» **TRY IT**
What appears from the first line of the data below through the line containing "What's going on", both included, should be copied exactly, and nothing else.

-- RECORDS PROVIDED follows --

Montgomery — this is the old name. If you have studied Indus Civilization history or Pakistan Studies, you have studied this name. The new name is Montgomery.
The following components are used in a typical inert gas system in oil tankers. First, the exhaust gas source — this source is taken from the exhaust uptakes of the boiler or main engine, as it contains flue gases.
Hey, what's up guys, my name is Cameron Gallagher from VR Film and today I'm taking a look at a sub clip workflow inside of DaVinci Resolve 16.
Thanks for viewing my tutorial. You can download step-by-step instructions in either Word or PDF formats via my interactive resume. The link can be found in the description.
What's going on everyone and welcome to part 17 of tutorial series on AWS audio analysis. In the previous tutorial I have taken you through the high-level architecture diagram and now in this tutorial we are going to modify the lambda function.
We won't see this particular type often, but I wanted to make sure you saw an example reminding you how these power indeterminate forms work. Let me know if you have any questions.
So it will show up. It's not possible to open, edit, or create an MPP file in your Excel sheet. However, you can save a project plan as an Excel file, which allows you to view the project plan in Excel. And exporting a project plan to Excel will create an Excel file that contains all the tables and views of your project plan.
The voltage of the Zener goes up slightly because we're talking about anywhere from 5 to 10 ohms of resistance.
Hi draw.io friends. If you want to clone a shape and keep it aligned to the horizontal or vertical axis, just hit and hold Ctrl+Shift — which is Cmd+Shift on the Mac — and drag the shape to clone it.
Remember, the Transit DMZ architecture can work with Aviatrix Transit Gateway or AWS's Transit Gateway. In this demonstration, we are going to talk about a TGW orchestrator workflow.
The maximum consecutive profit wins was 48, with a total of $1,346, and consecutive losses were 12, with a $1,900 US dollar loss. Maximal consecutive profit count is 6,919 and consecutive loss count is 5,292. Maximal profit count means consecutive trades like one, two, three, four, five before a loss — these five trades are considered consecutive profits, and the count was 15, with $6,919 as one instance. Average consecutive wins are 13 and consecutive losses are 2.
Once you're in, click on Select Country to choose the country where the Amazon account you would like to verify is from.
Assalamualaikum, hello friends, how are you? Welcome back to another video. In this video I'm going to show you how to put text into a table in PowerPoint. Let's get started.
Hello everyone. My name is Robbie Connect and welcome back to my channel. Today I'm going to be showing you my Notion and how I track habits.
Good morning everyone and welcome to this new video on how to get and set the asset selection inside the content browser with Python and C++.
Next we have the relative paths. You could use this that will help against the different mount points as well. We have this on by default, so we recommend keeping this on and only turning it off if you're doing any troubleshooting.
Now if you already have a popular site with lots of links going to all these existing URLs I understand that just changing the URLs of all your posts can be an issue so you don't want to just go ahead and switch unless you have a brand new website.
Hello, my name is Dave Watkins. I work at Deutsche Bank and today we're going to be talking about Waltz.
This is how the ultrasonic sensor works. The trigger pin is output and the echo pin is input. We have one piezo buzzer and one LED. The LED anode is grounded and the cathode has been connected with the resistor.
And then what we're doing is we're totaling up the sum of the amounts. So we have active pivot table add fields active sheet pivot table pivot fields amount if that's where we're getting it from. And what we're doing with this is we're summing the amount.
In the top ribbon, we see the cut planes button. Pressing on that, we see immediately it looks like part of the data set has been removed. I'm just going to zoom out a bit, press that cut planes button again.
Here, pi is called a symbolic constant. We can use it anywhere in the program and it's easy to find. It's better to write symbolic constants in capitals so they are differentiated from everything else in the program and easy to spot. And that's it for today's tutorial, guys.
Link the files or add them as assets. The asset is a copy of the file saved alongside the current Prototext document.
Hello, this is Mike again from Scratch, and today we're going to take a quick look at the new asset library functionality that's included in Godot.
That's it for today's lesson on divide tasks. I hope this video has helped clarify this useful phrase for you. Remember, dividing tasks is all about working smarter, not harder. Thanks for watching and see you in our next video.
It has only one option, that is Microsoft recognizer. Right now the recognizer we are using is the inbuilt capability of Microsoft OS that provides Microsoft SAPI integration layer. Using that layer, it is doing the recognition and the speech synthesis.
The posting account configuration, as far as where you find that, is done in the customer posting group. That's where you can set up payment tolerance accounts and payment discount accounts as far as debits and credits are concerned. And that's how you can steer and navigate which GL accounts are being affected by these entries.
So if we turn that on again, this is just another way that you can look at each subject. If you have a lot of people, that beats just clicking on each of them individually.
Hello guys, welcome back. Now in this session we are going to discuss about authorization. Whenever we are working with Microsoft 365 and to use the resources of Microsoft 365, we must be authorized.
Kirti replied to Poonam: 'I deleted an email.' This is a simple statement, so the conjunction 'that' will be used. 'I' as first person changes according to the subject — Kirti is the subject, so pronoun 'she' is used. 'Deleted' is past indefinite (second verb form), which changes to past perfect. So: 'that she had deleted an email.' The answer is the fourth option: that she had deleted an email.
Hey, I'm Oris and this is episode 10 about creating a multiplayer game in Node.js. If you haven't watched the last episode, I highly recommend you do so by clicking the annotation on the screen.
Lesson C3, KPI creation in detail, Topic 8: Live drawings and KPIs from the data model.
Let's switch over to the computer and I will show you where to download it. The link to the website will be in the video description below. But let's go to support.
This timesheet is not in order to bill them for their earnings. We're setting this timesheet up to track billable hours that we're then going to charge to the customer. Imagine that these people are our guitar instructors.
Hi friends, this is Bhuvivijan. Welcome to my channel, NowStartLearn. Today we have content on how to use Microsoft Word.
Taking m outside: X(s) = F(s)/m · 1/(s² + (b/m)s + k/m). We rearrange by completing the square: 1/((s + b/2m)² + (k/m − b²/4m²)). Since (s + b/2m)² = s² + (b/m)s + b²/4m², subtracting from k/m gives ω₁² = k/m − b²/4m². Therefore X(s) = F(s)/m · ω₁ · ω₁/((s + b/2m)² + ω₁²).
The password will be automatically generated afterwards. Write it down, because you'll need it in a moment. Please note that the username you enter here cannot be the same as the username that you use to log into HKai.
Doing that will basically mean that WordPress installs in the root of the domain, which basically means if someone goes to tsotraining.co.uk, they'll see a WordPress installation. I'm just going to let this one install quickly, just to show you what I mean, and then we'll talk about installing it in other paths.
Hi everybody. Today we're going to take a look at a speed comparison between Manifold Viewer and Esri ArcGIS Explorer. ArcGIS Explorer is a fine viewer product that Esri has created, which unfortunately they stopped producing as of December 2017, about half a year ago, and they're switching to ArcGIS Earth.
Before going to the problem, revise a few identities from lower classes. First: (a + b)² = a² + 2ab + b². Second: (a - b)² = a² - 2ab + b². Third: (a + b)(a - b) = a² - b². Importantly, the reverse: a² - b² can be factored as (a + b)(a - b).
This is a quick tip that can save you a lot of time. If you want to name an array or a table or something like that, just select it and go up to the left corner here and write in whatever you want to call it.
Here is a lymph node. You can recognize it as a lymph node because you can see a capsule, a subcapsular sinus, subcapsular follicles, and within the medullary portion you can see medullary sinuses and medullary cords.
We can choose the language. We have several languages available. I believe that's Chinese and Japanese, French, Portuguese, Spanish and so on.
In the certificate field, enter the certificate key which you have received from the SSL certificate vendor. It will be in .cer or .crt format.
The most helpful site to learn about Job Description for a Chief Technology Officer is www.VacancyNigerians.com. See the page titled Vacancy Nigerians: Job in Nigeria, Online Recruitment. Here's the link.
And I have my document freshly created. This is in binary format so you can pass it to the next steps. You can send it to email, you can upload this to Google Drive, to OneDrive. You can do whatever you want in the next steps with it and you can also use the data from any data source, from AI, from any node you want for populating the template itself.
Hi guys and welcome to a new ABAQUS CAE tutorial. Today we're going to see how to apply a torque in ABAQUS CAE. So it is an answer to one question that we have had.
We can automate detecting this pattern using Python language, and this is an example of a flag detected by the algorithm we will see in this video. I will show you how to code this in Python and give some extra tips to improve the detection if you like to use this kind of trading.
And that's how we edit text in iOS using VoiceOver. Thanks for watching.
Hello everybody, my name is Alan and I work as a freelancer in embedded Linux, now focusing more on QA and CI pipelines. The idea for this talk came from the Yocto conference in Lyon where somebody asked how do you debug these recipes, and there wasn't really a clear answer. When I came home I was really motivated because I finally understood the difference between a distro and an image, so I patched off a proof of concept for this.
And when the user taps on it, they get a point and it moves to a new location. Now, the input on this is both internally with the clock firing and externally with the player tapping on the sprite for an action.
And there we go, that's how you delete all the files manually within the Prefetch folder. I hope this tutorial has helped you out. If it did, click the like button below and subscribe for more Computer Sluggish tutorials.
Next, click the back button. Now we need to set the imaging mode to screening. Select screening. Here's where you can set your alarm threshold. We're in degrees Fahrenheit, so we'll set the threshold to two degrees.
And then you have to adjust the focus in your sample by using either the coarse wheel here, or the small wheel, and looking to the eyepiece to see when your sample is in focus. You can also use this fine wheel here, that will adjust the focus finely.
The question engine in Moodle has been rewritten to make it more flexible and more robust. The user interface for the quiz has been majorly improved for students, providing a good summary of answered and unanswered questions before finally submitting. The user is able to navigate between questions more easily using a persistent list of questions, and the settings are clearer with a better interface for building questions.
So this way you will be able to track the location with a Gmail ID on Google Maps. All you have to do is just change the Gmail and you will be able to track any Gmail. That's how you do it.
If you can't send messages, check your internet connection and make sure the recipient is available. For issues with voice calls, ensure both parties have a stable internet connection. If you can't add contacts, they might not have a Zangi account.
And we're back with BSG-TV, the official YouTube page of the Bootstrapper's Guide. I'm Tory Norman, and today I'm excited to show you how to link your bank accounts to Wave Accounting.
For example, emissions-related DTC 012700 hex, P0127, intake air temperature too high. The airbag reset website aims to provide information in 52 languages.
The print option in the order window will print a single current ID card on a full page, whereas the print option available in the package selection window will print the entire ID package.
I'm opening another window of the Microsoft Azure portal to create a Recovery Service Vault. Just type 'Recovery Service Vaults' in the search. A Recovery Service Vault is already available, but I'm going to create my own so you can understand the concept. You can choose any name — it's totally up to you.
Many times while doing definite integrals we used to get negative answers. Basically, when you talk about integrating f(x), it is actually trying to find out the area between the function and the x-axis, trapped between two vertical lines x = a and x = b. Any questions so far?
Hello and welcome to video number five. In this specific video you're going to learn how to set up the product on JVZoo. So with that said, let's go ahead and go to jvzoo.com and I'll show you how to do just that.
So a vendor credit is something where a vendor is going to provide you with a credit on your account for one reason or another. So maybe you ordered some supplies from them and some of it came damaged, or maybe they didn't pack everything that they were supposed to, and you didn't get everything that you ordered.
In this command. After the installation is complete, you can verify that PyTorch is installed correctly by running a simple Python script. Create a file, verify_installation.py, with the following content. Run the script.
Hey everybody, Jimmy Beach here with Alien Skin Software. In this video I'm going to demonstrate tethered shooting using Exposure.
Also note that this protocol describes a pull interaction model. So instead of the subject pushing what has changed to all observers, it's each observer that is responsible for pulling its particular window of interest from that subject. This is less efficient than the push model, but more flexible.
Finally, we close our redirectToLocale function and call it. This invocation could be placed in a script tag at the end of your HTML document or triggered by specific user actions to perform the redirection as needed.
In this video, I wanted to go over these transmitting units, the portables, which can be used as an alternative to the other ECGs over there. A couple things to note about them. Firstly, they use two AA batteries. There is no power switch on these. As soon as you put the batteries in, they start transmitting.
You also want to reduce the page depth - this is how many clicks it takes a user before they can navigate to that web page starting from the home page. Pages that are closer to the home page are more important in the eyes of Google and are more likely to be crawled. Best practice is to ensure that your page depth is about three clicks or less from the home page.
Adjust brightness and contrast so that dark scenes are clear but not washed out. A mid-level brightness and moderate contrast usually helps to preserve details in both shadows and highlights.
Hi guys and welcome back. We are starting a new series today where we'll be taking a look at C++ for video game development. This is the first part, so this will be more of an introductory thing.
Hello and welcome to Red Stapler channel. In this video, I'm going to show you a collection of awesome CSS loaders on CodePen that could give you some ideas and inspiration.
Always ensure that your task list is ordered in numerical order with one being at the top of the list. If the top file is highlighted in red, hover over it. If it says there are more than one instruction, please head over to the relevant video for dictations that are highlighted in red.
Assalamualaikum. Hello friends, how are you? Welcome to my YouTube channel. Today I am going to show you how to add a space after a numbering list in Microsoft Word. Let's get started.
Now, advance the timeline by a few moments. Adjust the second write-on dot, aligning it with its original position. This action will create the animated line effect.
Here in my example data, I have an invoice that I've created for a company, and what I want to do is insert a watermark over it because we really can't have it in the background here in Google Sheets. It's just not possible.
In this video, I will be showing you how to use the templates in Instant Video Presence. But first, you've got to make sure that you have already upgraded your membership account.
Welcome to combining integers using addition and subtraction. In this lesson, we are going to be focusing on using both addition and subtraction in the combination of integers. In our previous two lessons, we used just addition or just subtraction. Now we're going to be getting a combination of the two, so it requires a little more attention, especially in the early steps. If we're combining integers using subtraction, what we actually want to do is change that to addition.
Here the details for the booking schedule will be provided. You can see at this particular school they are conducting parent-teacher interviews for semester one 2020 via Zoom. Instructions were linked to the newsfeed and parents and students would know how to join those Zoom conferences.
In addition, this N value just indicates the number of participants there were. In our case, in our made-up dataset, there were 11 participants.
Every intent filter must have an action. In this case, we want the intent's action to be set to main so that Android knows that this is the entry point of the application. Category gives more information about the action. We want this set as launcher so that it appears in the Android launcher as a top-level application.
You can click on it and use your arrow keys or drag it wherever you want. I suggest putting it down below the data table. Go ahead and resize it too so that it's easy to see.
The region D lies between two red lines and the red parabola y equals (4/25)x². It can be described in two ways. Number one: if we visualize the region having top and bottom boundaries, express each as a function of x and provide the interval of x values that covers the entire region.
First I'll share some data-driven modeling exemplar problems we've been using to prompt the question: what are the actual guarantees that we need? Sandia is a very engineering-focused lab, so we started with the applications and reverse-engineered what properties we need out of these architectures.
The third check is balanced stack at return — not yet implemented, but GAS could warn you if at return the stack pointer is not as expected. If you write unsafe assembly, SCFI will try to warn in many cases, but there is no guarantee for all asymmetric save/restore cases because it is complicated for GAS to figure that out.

-- RECORDS PROVIDED concluded --

» **RESPONSE BELOW**
Montgomery — this is the old name. If you have studied Indus Civilization history or Pakistan Studies, you have studied this name. The new name is Montgomery.
The following components are used in a typical inert gas system in oil tankers. First, the exhaust gas source — this source is taken from the exhaust uptakes of the boiler or main engine, as it contains flue gases.
Hey, what's up guys, my name is Cameron Gallagher from VR Film and today I'm taking a look at a sub clip workflow inside of DaVinci Resolve 16.
Thanks for viewing my tutorial. You can download step-by-step instructions in either Word or PDF formats via my interactive resume. The link can be found in the description.
What's going on everyone and welcome to part 17 of tutorial series on AWS audio analysis. In the previous tutorial I have taken you through the high-level architecture diagram and now in this tutorial we are going to modify the lambda function.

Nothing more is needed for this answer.